注目すべきは、天皇と上皇の上下関係
上皇は「太上天皇」の略称。現在の上皇陛下の事例でも分かるように、先に皇位にあった方を言います。
皇位を譲られた天皇は詔勅を作成し、「謹んで尊号を上げ、太上天皇と為せ。普くおちこちに告げ、朕の意を知らしめよ」(高倉天皇を上皇とする、安徳天皇の詔勅。『山槐記』治承4年2月27日条)というふうに、内外に布告します。
ここで注目すべきは、天皇と上皇の上下関係です。
普通は天皇は、至上の立場にある存在として、どんなことであっても、自身の決定を「下し」ます。ところが上皇に対してだけは、「尊号を上げ」るのです。
原文では「上尊号」で、「尊号をたてまつり」「尊号をのぼらせ」「尊号をあげて」、どう読むべきか明瞭ではありませんが、ともかく天皇が下、上皇が上、という位置づけになるのです。
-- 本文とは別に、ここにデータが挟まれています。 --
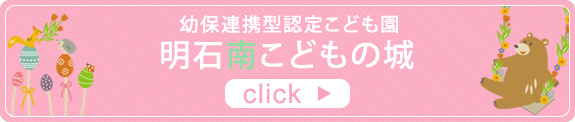 幼保連携型認定こども園　明石南こどもの城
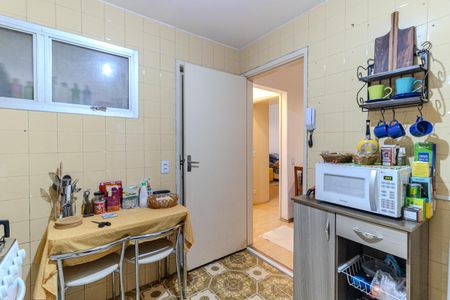 Apartamento à venda com 57m², 1 quarto e sem vagaCozinha
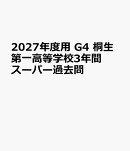 2027年度用　G4　桐生第一高等学校3年間スーパー過去問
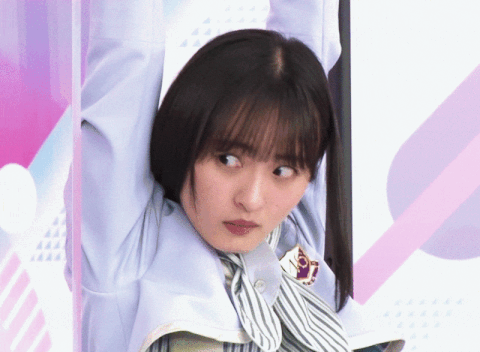 乃木坂46 遠藤さくら 勝って喜ぶさくちゃん可愛い Gif ぶら下がりステークス 手汗もサラサラそう Gif 乃木坂46まとめ ラジオの時間 乃木坂46 遠藤さくら 勝って喜ぶさくちゃん可愛い Gif ぶら下がりステークス 手汗もサラサラそう Gif 乃木坂46まとめ ラジオの時間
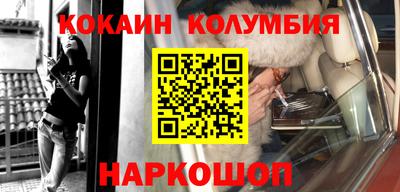 mix Кунгур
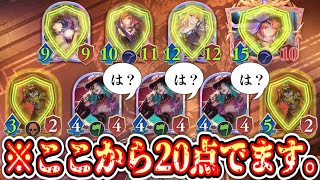 【緊急】“死神払い”で“マクミラン”蘇生しまくり20点OTK【シャドバWB/ Shadowverse: Worlds Beyond】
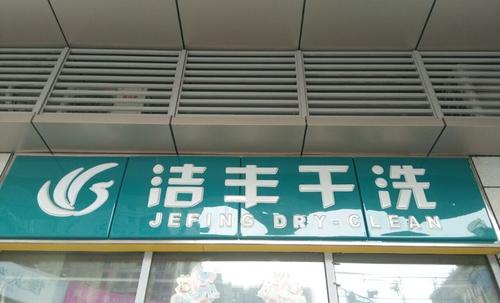 開小型干洗店得要投資多少錢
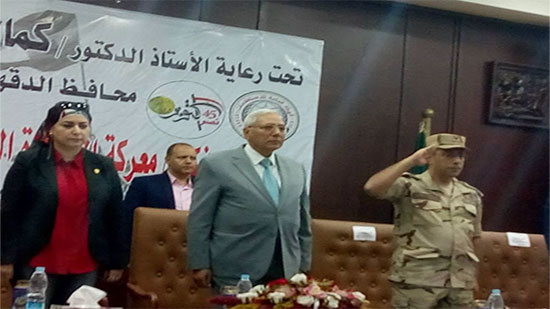 شاروبيم محافظ الدقهلية: تحية تقدير لقواتنا المسلحة والرئيس يقود مصر بخطى ثابتة نحو المستقبل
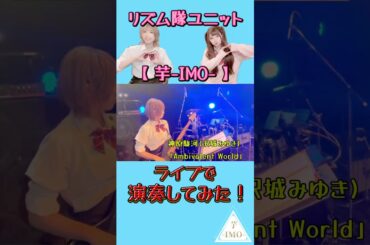 【ライブで演奏してみた⑦】神原駿河(沢城みゆき) /「Ambivalent World」 #shorts #ライブ映像 #ガールズバンド #drum #bass #バンド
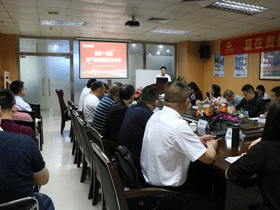 【规范▪发展】大禹九鼎第一季度营销工作会议暨"奋进者"益智健身团成立仪式顺利举行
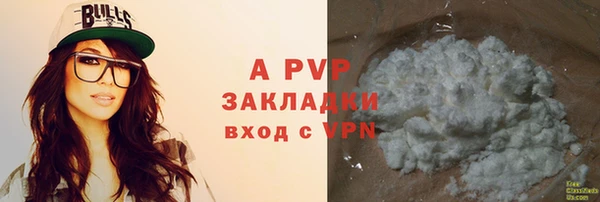 скорость mdpv Аркадак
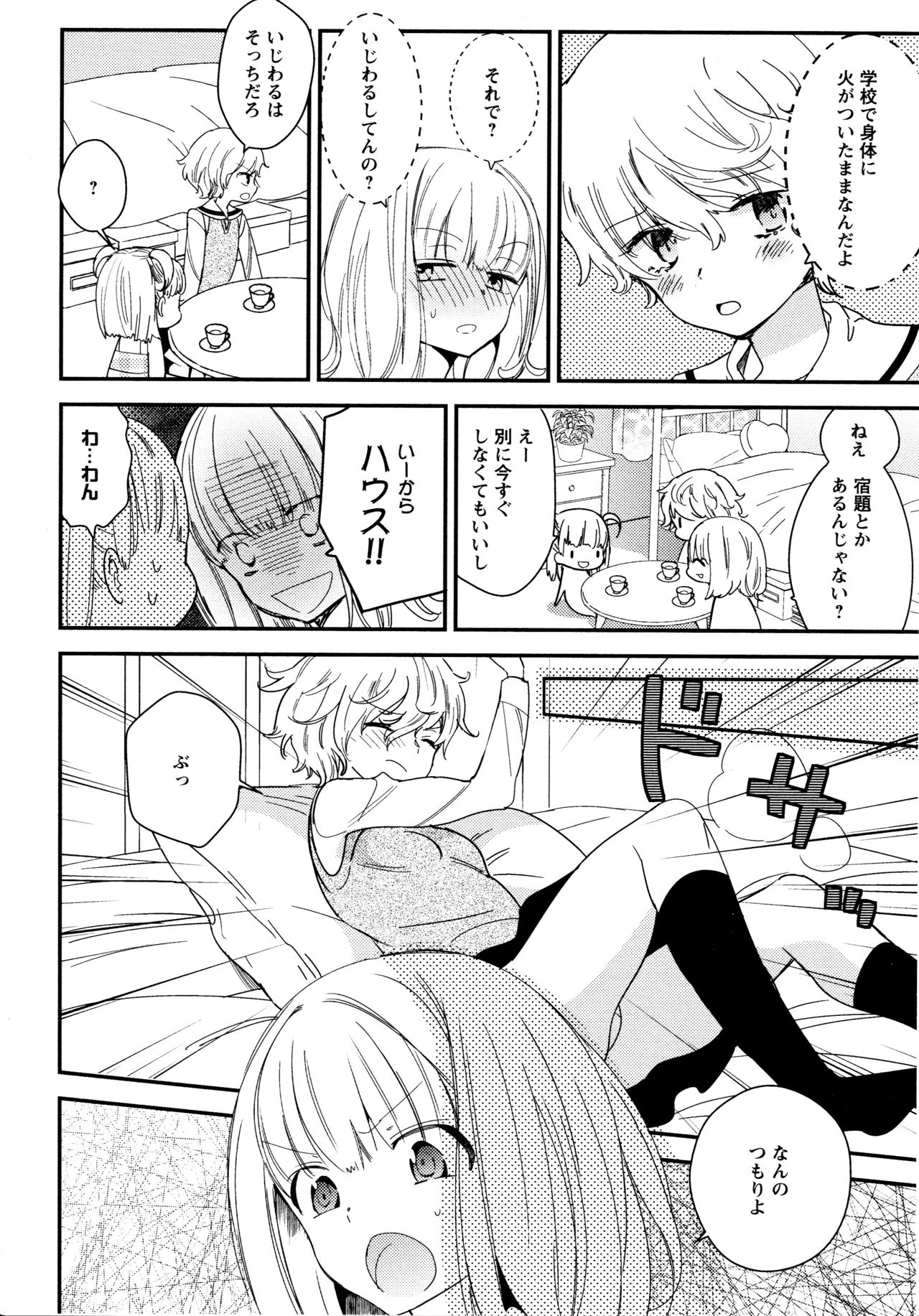 [アンソロジー] L ガールズ-Love Girls-02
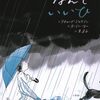 気持ちが沈む日に効く一冊│『なんていいひ』が大人に響く理由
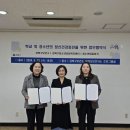 삼각산보건지소 이미지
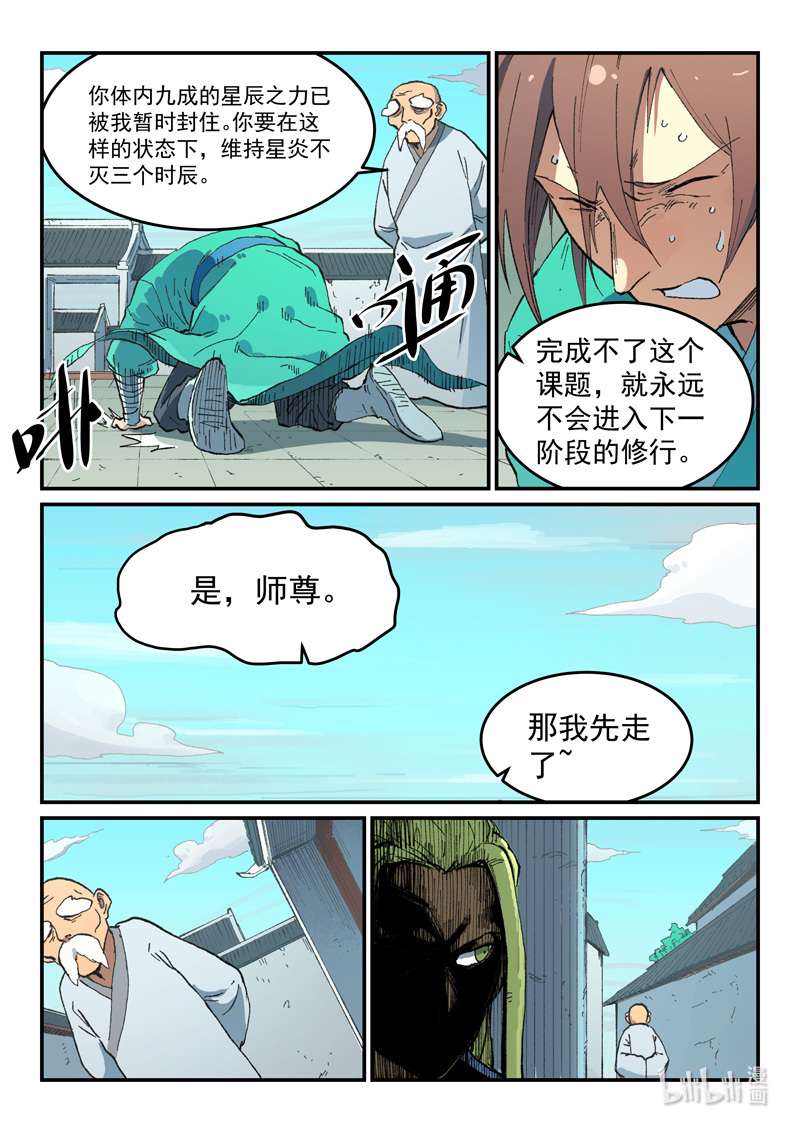 星武神诀494 494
現在の天皇・上皇陛下がどう振る舞われているのかは存じ上げませんが、明治維新以前の日本の歴史においては、上皇と天皇が父子(あるいは祖父と孫)の関係にあるとき、天皇は子ども(孫)として上皇にへりくだり、孝養を尽くすのが通例でした。
その関係性が公的な儀式にも反映されました。プライベートな繋がりが、公式の場でも優先されたのです。ですので、当然、政治の実権も天皇ではなく、上皇の手中に掌られました。いわゆる「院政」です。